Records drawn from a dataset
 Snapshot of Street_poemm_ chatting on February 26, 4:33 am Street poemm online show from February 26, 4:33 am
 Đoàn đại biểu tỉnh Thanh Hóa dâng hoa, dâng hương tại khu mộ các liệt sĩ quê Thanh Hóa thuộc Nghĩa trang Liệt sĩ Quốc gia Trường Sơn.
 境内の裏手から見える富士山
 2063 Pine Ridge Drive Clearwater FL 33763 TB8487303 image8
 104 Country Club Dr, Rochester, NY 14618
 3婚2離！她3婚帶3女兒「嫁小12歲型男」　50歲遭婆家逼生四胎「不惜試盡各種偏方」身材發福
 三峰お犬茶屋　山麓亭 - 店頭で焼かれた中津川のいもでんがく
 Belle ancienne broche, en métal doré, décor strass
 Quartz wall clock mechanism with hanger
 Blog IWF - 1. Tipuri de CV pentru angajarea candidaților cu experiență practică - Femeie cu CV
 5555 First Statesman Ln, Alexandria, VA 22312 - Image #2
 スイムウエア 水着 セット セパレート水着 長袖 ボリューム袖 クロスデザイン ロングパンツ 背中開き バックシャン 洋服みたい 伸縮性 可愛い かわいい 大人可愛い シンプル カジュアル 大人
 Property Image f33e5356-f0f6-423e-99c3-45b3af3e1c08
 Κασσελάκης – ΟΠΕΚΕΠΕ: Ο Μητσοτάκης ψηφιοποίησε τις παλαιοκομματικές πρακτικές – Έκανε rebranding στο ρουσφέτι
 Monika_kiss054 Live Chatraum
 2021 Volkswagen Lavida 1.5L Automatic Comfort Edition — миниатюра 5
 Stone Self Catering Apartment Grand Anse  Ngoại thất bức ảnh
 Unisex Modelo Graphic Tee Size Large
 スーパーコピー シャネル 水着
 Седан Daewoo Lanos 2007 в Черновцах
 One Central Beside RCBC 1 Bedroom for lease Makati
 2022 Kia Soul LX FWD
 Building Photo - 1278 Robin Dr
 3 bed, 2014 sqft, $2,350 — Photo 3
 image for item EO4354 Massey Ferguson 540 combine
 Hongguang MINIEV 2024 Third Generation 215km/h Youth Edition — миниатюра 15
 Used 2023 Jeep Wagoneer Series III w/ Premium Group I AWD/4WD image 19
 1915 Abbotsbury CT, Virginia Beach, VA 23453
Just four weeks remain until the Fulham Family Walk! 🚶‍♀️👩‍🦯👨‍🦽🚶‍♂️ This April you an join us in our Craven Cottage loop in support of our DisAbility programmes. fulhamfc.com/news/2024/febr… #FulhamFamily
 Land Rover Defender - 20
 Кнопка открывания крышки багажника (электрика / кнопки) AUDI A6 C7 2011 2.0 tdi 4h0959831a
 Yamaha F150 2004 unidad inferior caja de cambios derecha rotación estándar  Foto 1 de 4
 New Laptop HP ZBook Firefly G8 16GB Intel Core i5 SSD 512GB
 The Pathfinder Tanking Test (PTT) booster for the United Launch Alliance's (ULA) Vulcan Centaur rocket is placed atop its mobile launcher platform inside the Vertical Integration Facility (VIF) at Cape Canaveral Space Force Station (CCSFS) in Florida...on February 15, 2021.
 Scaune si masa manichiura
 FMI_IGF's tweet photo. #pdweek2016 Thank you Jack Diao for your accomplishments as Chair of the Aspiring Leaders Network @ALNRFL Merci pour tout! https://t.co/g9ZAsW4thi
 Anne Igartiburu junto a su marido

**Exercise instructions**
All that belongs in the answer is the lines from the start of the entries above through the line containing "Belle ancienne broche, en", each given exactly.

**Answer for the task**
 Snapshot of Street_poemm_ chatting on February 26, 4:33 am Street poemm online show from February 26, 4:33 am
 Đoàn đại biểu tỉnh Thanh Hóa dâng hoa, dâng hương tại khu mộ các liệt sĩ quê Thanh Hóa thuộc Nghĩa trang Liệt sĩ Quốc gia Trường Sơn.
 境内の裏手から見える富士山
 2063 Pine Ridge Drive Clearwater FL 33763 TB8487303 image8
 104 Country Club Dr, Rochester, NY 14618
 3婚2離！她3婚帶3女兒「嫁小12歲型男」　50歲遭婆家逼生四胎「不惜試盡各種偏方」身材發福
 三峰お犬茶屋　山麓亭 - 店頭で焼かれた中津川のいもでんがく
 Belle ancienne broche, en métal doré, décor strass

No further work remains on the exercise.